Pitt alum publishes serialized email novel


(Illustration by Liam McFadden | Staff Illustrator)

By Sarah Morris / Staff Writer

With a growing number of people flocking to Kindles and iPads for reading, publishing novels online seems to be the modern— and eco-friendly — option for contemporary literature.

Adam Dove, who graduated from Pitt in 2014 with a degree in fiction writing, decided to tap into this trend and release his new novel “The Truth” via email installments. The serialized email novel — which follows four characters and their journey through the Appalachian Mountains as they wrestle with notions of faith and identity — delivers micro chapters to its readers’ inboxes twice a week.

“It’s the first project I’ve ever done that I now feel confident telling people I am the writer, because I feel like I’ve taken ownership of the process from start to finish,” Dove said.

The novel — which released its first installment Sept. 10 — will show up in subscribers’ inboxes every Wednesday and Sunday over the course of the next six months. Dove chose to publish his work through this platform as a way to reach readers and directly engage with them.

“This has become kind of my lifeblood at this point,” Dove said.

Which makes sense — writing enough material for six months of installments, in addition to handling all of the logistics of the unusual form, is a lot of work. Dove said he has about a quarter of the material written. That terrifies him, but it is also part of the fun of the format.

“Not only is it going out to people via email, but we’ve also set up a whole Facebook online infrastructure for a ‘low stakes book club’ for people to get in and talk about what they’ve just read, and talk about ideas and theories,” Dove said.

This creates an interactivity uncommon in novels — reminiscent of a choose-your-own-adventure story. Even though Dove is in control of his work, he is open to listening to what his readers have to say about it, and will possibly incorporate their suggestions.

“I think that when you’re writing you should always be […] staying true to what it is that you are trying to say in the first place,” Dove said. “I don’t think you should be overly swayed by what people want, but I think you should understand when people don’t want what you want to write — and then don’t write that.”

For Dove, this process takes the guesswork out of figuring out what his readers want. Dove knows that a lot of people tend to suggest that writers should write exclusively for themselves,  but he rejects that idea in favor of finding something an audience will appreciate.

“It provides a window into the reader’s mind that I think the writer should always be thinking about,” Dove said.

And with Dove constantly catering to his reader and trying to find an audience for his writing, he feels pressured to make sure people want to keep reading his work. He knows his emails come with an unsubscribe button — and that’s the last thing he wants people clicking.

Dove faced different pressures during school and just after graduation. He said there is a lot of weight put on students in writing programs to become “career writers,” and to write in a particular style.

“Coming out of undergrad with a fiction writing major, my immediate thought was always that I’m going to have to get a job that I don’t like in something completely unrelated, and then do all my writing on the side. And the doing-all-my-writing-on-the-side is definitely true,” Dove said.

Students in the writing program at Pitt today also feel this way — Tyler Andrew, a senior majoring in writing, literature and film, wants to enroll in more schooling after his undergrad to try to land a job he actually wants.

“We talk a lot about how releasing your work might happen, and it’s very likely impossible that you will make any money off of it, at least for a long time,” Andrew said. “What I’ve been instructed to do — and have planned to do — is start in teaching.”

Andrew’s plans are different from Dove’s, but both reveal that it’s possible to find jobs in writing that don’t involve becoming a best-selling novelist. Dove — who works for CMU and writes most of the content on the engineering website — said his technical writing job influences his work as a fiction writer.

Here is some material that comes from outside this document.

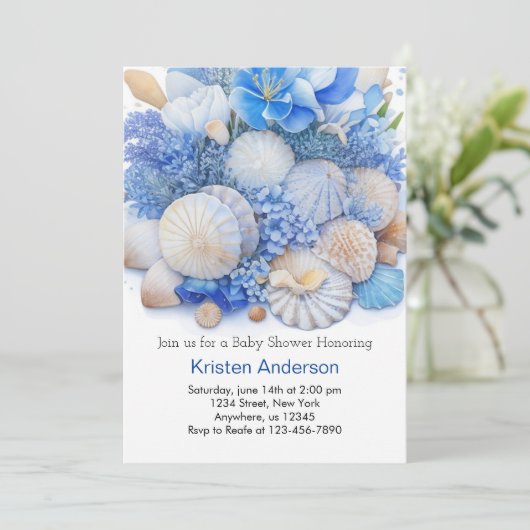 Invitation Whimsical Ocean Blue Beach Boy Baby shower (Debout devant)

“I’m a communications manager there for energy and environmentally related news,” Dove said.
“I interface with a lot of news media and bring in TV people to do stuff. Then I also interview faculty about their research, [and] write feature stories.”

Dove has found a separate writing career outside of his creative writing. His creative writing has shifted and grown from what he’s learned at his day job, he said, and from constantly being surrounded by world-renowned roboticists and engineers.  

A creative writing degree can lead to a variety of career paths, according to Jeff Oaks — the assistant director of the writing program at Pitt. Oaks said many students who graduate from the program seem to take a roundabout route to writing. Many students go into teaching in some capacity, like Andrew discussed doing, though this is not the only possibility.

“People have gone into things like law — I know we have lawyers out there. Also medicine,” Oaks said. “It turns out that med schools and law schools are actively courting people who can write sentences that are clear. And it turns out that a lot of people can’t.”

Dove said real world experience in different jobs is necessary to grow as a writer — he’s writing more science fiction than he would’ve if he hadn’t taken his position at CMU.

“But now I don’t think I ever want to stop working a different job, seeing what’s happened to my writing. Not because of how much I wrote, but because of the other stuff I was doing at my job,” Dove said. “I couldn’t trade that for the world.”